#### Task description
Each record is to be printed again exactly, though not its pictures.
○ ○ ○
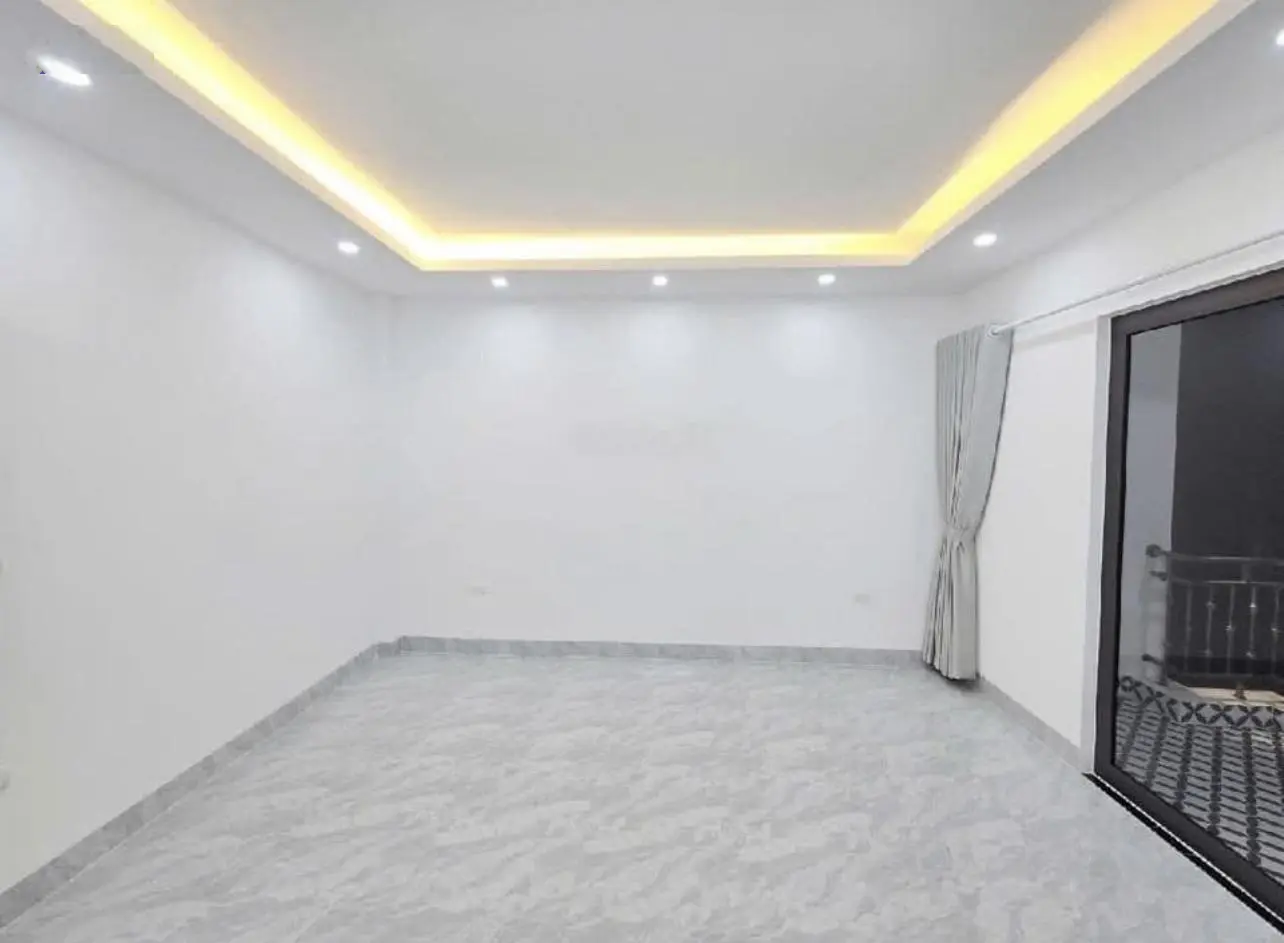 Nhà riêng Thanh Trì 40m2, 4 tầng, nội thất đầy đủ, hiện đại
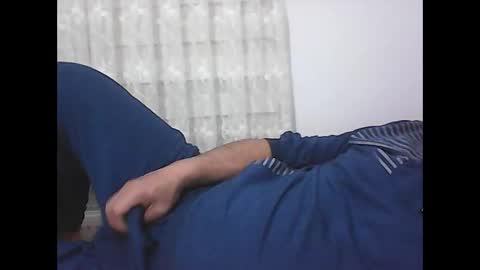 Snapshot of screw2 chatting on 12-04-24, 07:34 Evren online show from 12-04-24, 07:34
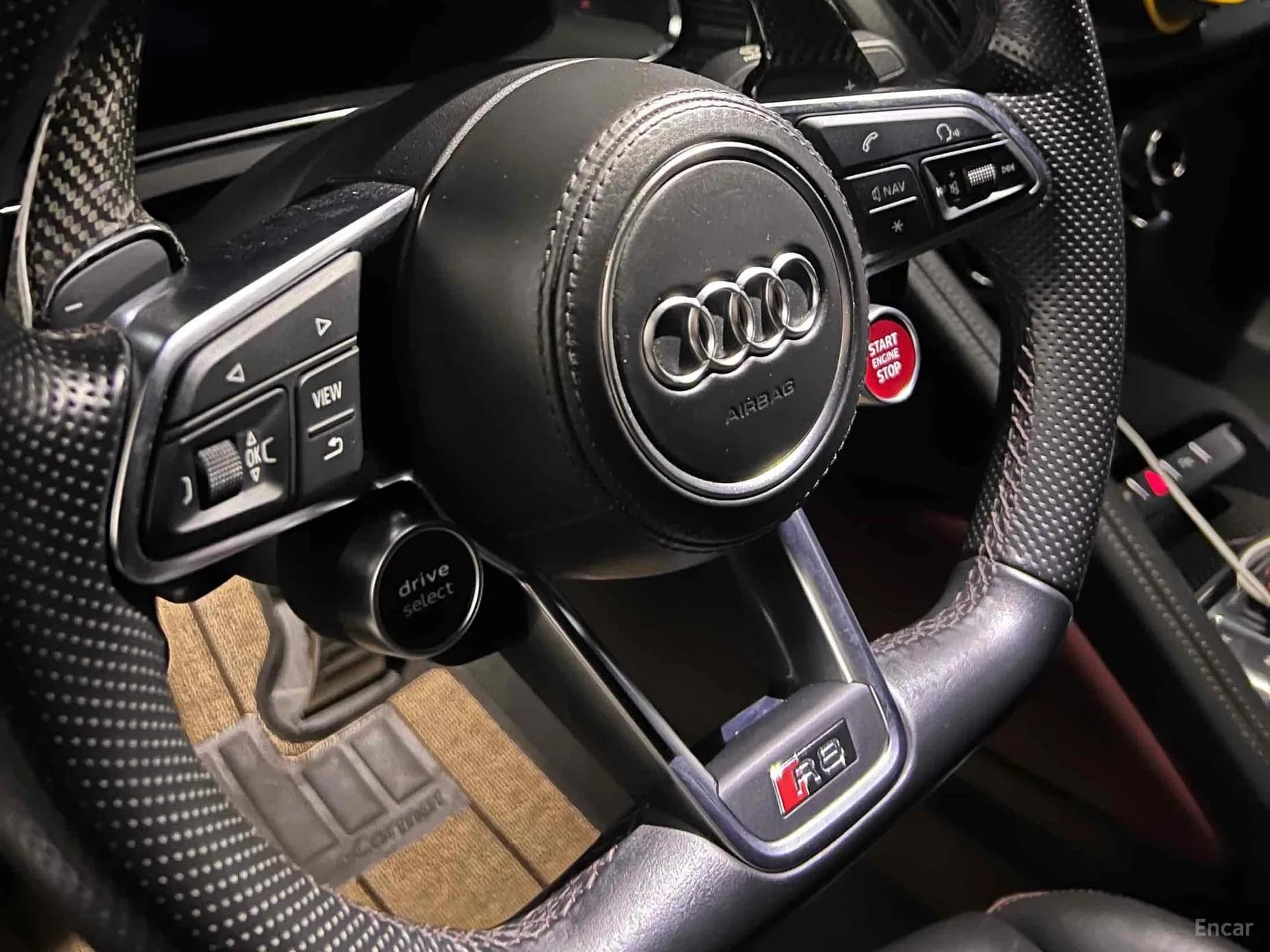 R8 (4S)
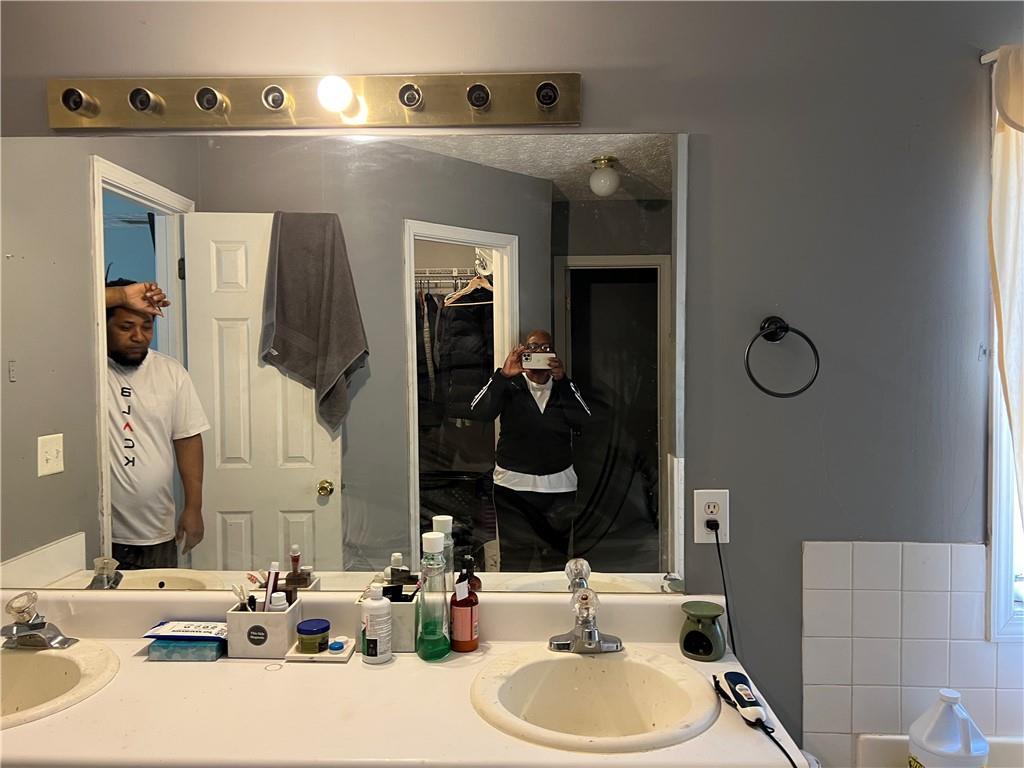 232 Rockingham Drive Loganville, GA 30052 - Photo 18 of 22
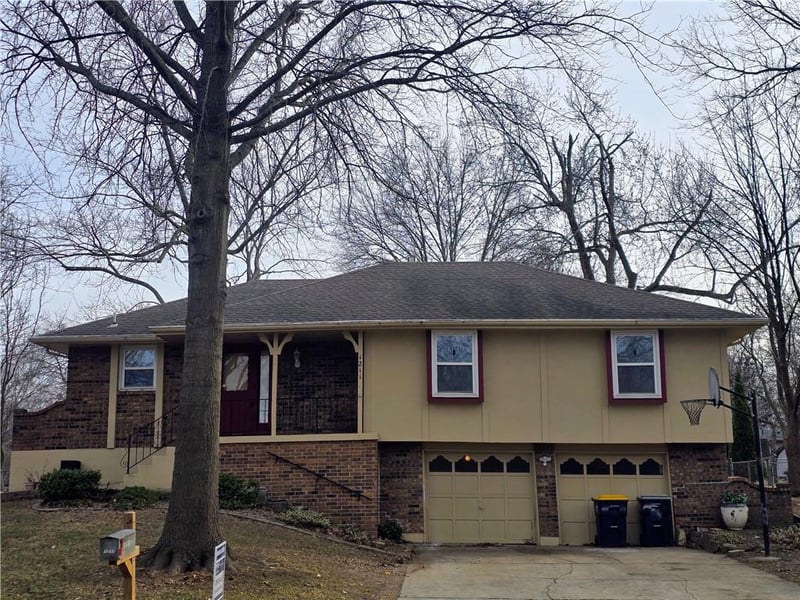 1211 Briarcroft St, Lee's Summit, MO 64063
○ ○ ○
#### Exercise solution
 Nhà riêng Thanh Trì 40m2, 4 tầng, nội thất đầy đủ, hiện đại
 Snapshot of screw2 chatting on 12-04-24, 07:34 Evren online show from 12-04-24, 07:34
 R8 (4S)
 232 Rockingham Drive Loganville, GA 30052 - Photo 18 of 22
 1211 Briarcroft St, Lee's Summit, MO 64063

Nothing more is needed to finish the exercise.